▼

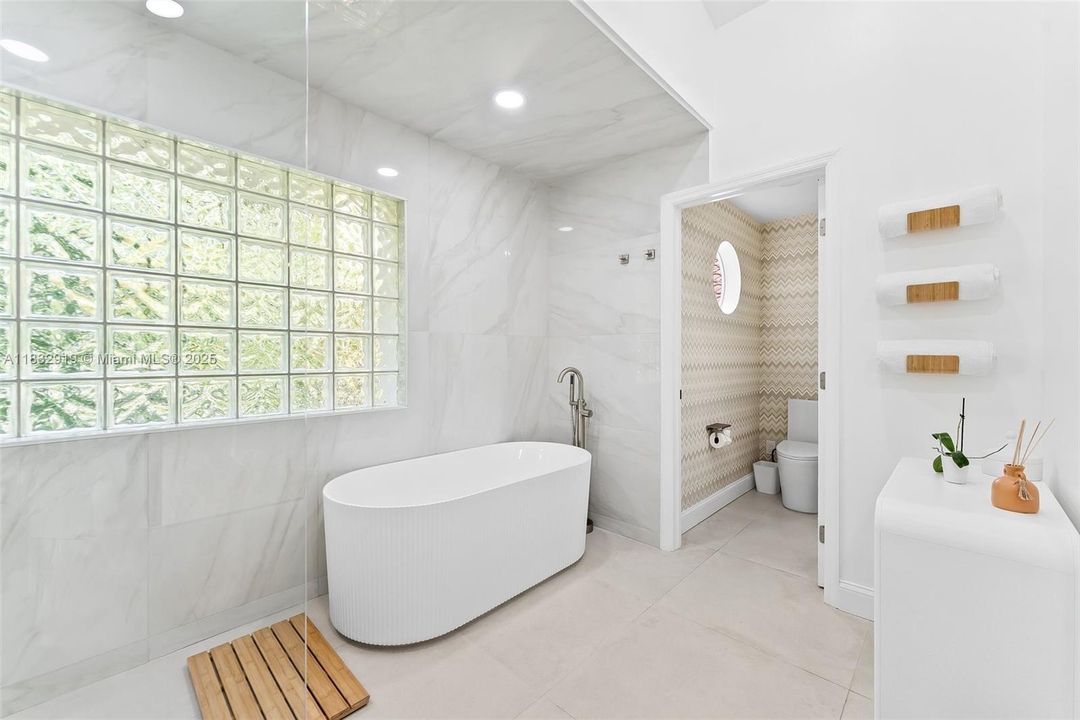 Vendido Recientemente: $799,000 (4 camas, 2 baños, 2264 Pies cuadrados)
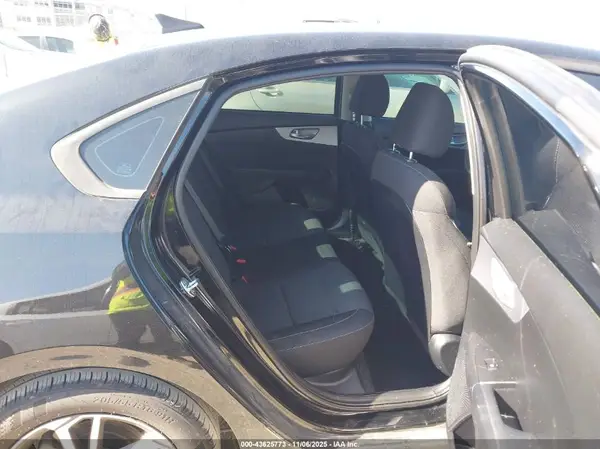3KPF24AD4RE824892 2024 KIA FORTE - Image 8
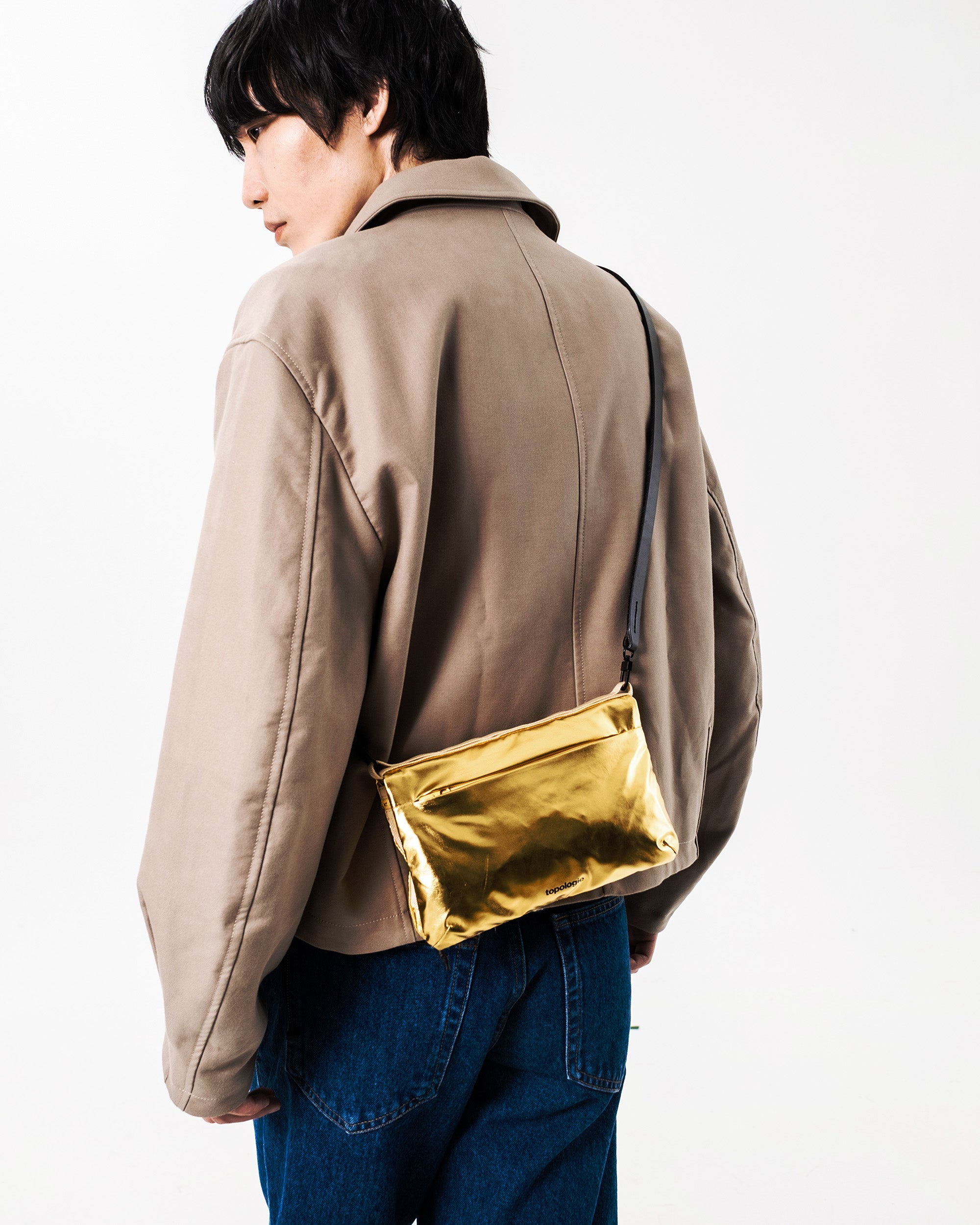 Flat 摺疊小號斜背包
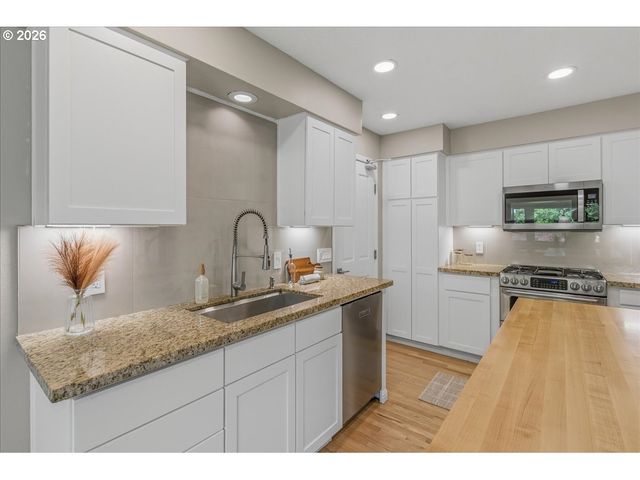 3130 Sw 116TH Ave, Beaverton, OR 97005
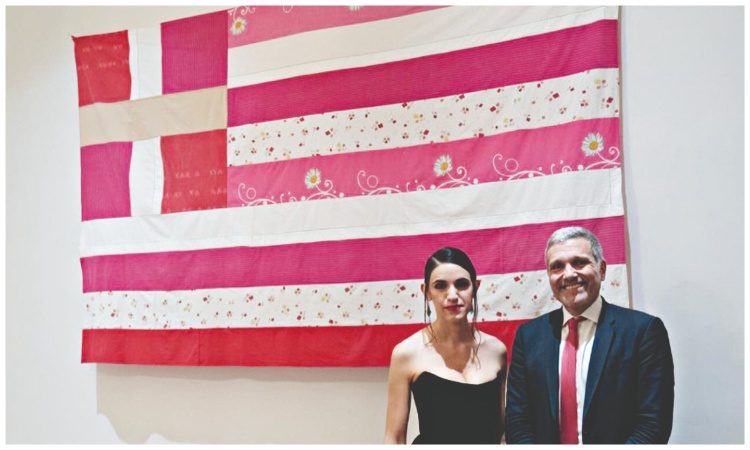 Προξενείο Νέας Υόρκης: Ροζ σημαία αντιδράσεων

▲
▼

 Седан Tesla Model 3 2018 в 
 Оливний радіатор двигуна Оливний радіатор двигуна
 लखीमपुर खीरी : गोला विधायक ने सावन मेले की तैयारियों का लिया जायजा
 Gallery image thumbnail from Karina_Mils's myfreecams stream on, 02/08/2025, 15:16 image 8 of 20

▲
▼

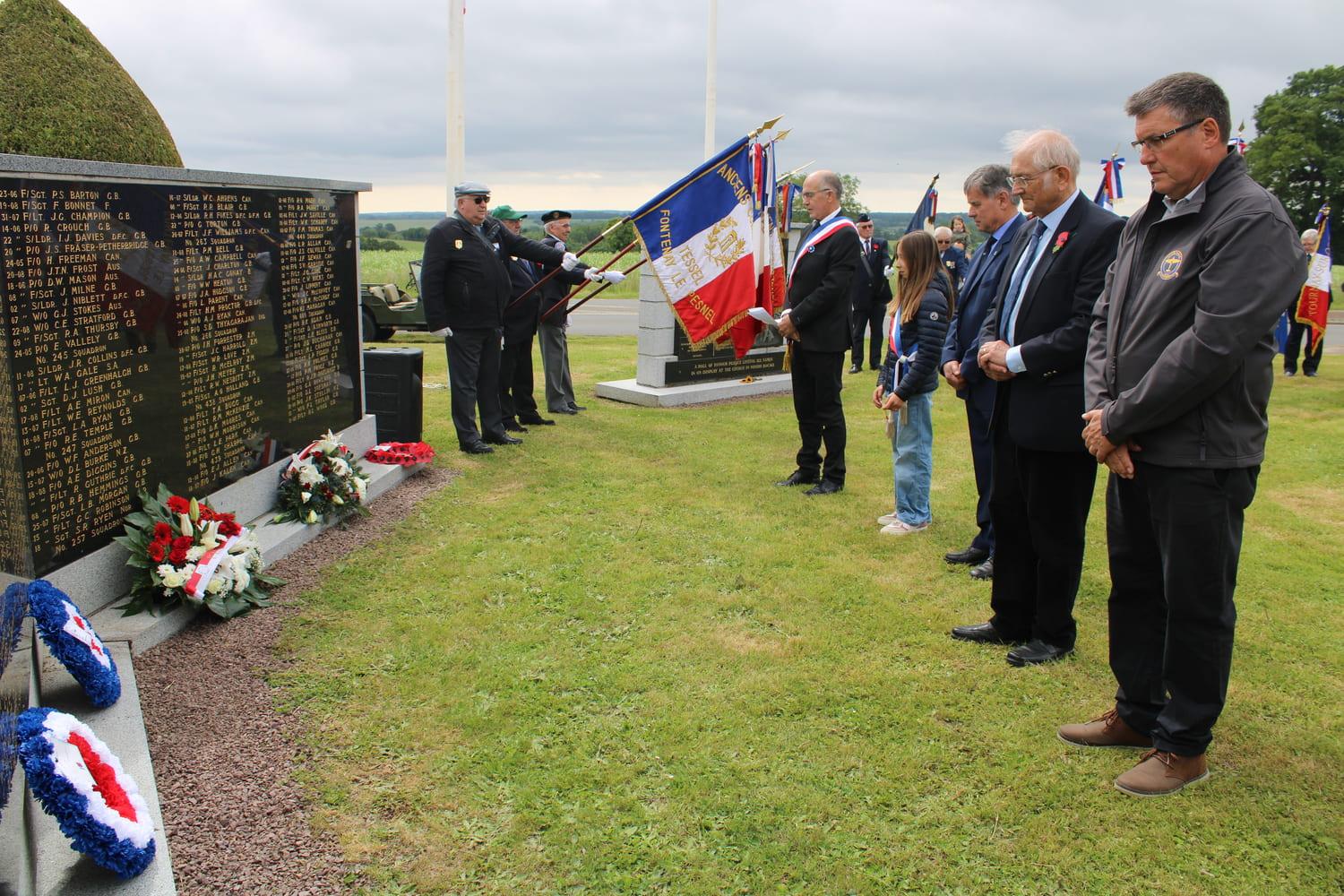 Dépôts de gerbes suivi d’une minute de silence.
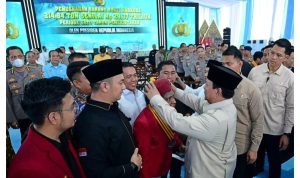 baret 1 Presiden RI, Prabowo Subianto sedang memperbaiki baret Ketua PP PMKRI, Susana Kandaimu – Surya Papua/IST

▲

[What the task requires]: Your answer must be the lines above from the one containing "Оливний радіатор двигуна Оливний" to the one containing "Gallery image thumbnail", both included, restated word for word.

[Solved problem]:
 Оливний радіатор двигуна Оливний радіатор двигуна
 लखीमपुर खीरी : गोला विधायक ने सावन मेले की तैयारियों का लिया जायजा
 Gallery image thumbnail from Karina_Mils's myfreecams stream on, 02/08/2025, 15:16 image 8 of 20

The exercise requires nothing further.